4

We have a table:

user_info (user_id,domain_id,first_name,middle_name,last_name,work_place,.,.,.)

Now, we have a user search that search across three columns first_name,last_name and work_place. If a user enters a query like: "Bill Gates" we have to search following conditions either

  1. First name, last name or work place is "Bill Gates" OR
  2. first name is bill, last name gates
  3. first name bill, workplace gates
  4. ..
  5. ..
  6. so on

My query is:

SELECT * FROM users WHERE active=1
AND ((first_name = 'Bill Gates' OR last_name = 'Bill Gates' OR work_place = 'Bill Gates') 
OR ((first_name = 'Bill' OR last_name = 'Bill' OR work_place = 'Bill') 
AND (first_name = 'Gates' OR last_name = 'Gates' OR work_place = 'Gates')) );

and I have a composite index on (first_name,last_name,work_place) but the query is extremely slow. Takes about 3 minutes to execute.

Any idea how to speed this one up ? I have tried unions but its still slow

3
  • 1
    How about using IN? Mar 16, 2012 at 16:05
  • Also, is there a reason why first_name would be allowed to accept what look to be both first and last names?
    – swasheck
    Mar 16, 2012 at 16:07
  • There could be spaces in first names. Like Jon claude is a first name.
    – Stewie
    Mar 16, 2012 at 16:13

3 Answers 3

3

You could try something like this to reduce the ORs. This was validated on SQL Server so you may need to tweak a bit:

SELECT * FROM users 
WHERE active=1
AND first_name  IN ('Bill Gates', 'Bill', 'Gates')
OR last_name    IN ('Bill Gates', 'Bill', 'Gates')
OR workplace    IN ('Bill Gates', 'Bill', 'Gates')

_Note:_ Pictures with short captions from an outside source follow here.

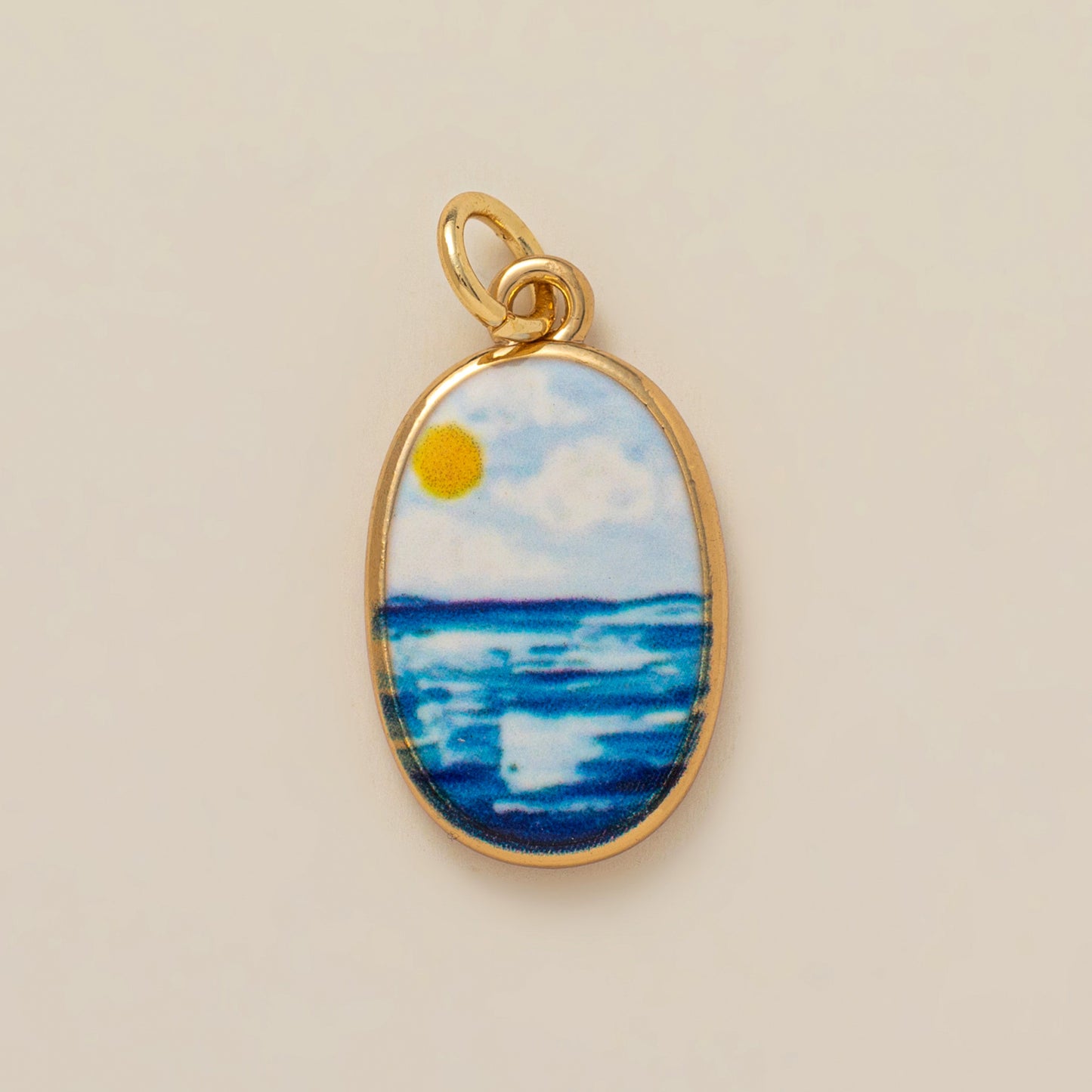 Elegant Casual Colorful Drip Oil Plated Brass Geometric Heart Floral Pendant Necklace for Unisex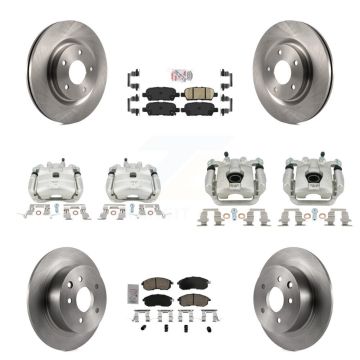 Front Rear Brake Caliper Rotor And Ceramic Pad Kit (10Pc) For Nissan Sentra Turbocharged KC8-102647N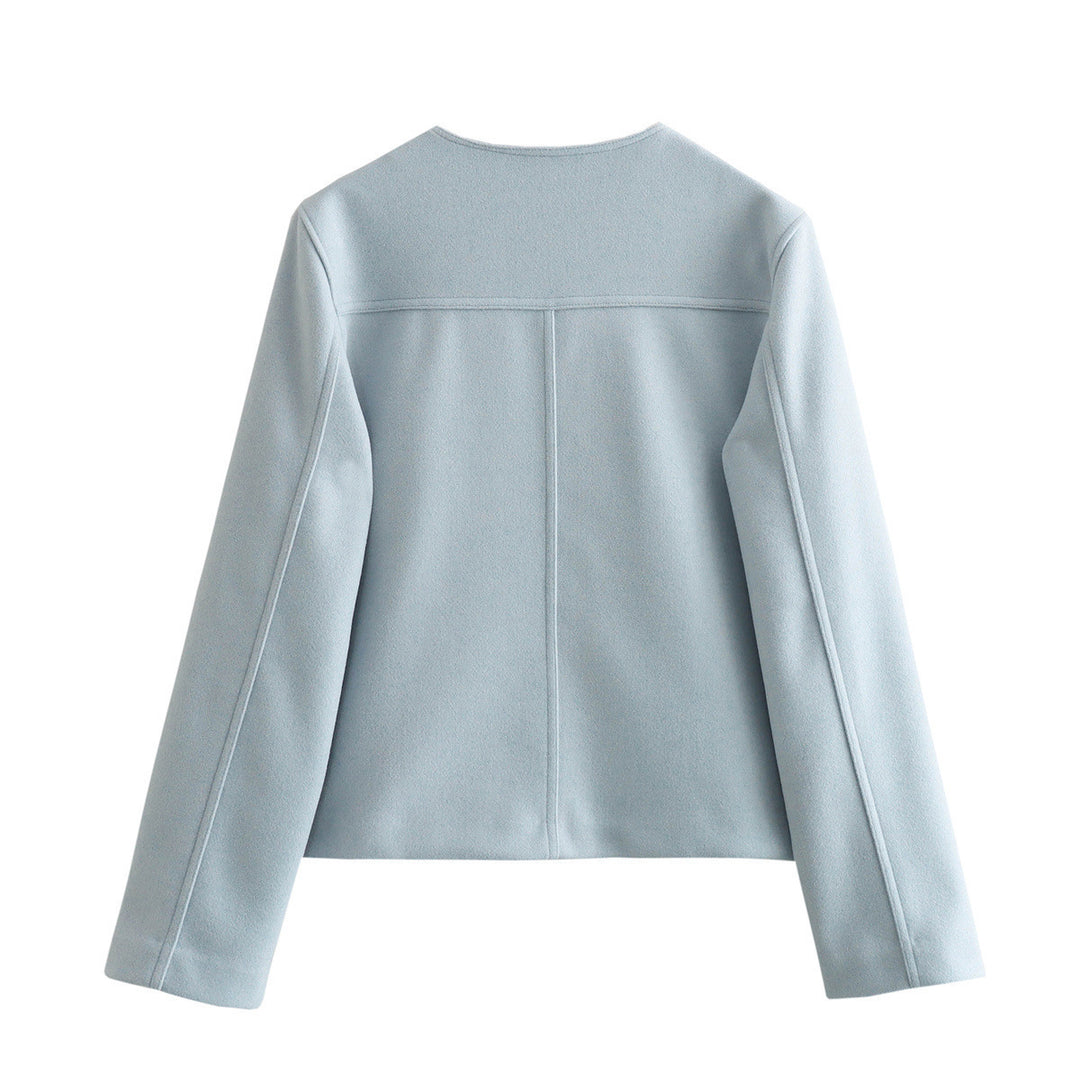 Modern jacket for women in soft materials with textured design Amarae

Seems like some data validation is called for overall though.

2
  • This will be bad for relevancy. I want the most relevant search first. If I search for "Bill Gates" I want "Bill Gates" to result first rather than Bill Mates
    – Stewie
    Mar 16, 2012 at 17:12
  • No disagreement, just working with what you've posted. Mar 16, 2012 at 18:21
3

This looks like a job for FULLTEXT indexes

CREATE TABLE users
(
    user_id int not null,
    domain_id int not null,
    first_name varchar(20) not null
    middle_name varchar(20) not null,
    last_name varchar(20) not null,
    work_place varchar (30) not null,
    primary key (user_id),
    FULLTEXT NamePlaceIndex (first_name,last_name,work_place)
) ENGINE=MyISAM;

Still Updating...

You should be able to query against the users table as follows:

SELECT * from users WHERE active=1 AND
MATCH(first_name,last_name,work_place)
AGAINST ('Bill Gates'); 

There are different ways to evaluate the searches, such as

SELECT *,MATCH(first_name,last_name,work_place) AGAINST ('Bill Gates') search_score
FROM users WHERE active=1 AND MATCH(first_name,last_name,work_place) AGAINST ('Bill Gates'); 

Keep in mind that FULLTEXT indexes are only available for MyISAM.

It is slated to be in InnoDB in MySQL 5.6

UPDATE 2012-03-16 13:27 EDT

Here is your original query

SELECT * FROM users WHERE active=1 
AND ((first_name = 'Bill Gates' OR last_name = 'Bill Gates' OR work_place = 'Bill Gates')  
OR ((first_name = 'Bill' OR last_name = 'Bill' OR work_place = 'Bill')  
AND (first_name = 'Gates' OR last_name = 'Gates' OR work_place = 'Gates')) ); 

The composite index is not enough. You are going to need the following indexes:

ALTER TABLE users ADD INDEX (first_name,work_place);
ALTER TABLE users ADD INDEX (last_name,work_place);

After making these indexes

You could

1) go back and try your UNION queries and see...

or

2) you could try the following

SELECT B.* FROM
(
    SELECT user_id FROM users WHERE first_name='Bill' and last_name='Gates'  UNION
    SELECT user_id FROM users WHERE last_name='Bill'  and first_name='Gates' UNION
    SELECT user_id FROM users WHERE first_name='Bill' and work_place='Gates' UNION
    SELECT user_id FROM users WHERE work_place='Bill' and first_name='Gates' UNION
    SELECT user_id FROM users WHERE last_name='Bill' and work_place='Gates'  UNION
    SELECT user_id FROM users WHERE work_place='Bill' and last_name='Gates'
) A INNER JOIN users B USING (user_id);
1
  • Hey, thought of that earlier, but our tables are innoDB. Can I create a view which is a myiasm for an innodb table ?
    – Stewie
    Mar 16, 2012 at 17:07
0

Have you done an explain-plan?

Why do you have a composite index of all three, when success only depends on any one of them matching? I'd suggest re-doing that index as three separate indices (one for each of the columns) and then trying the query again.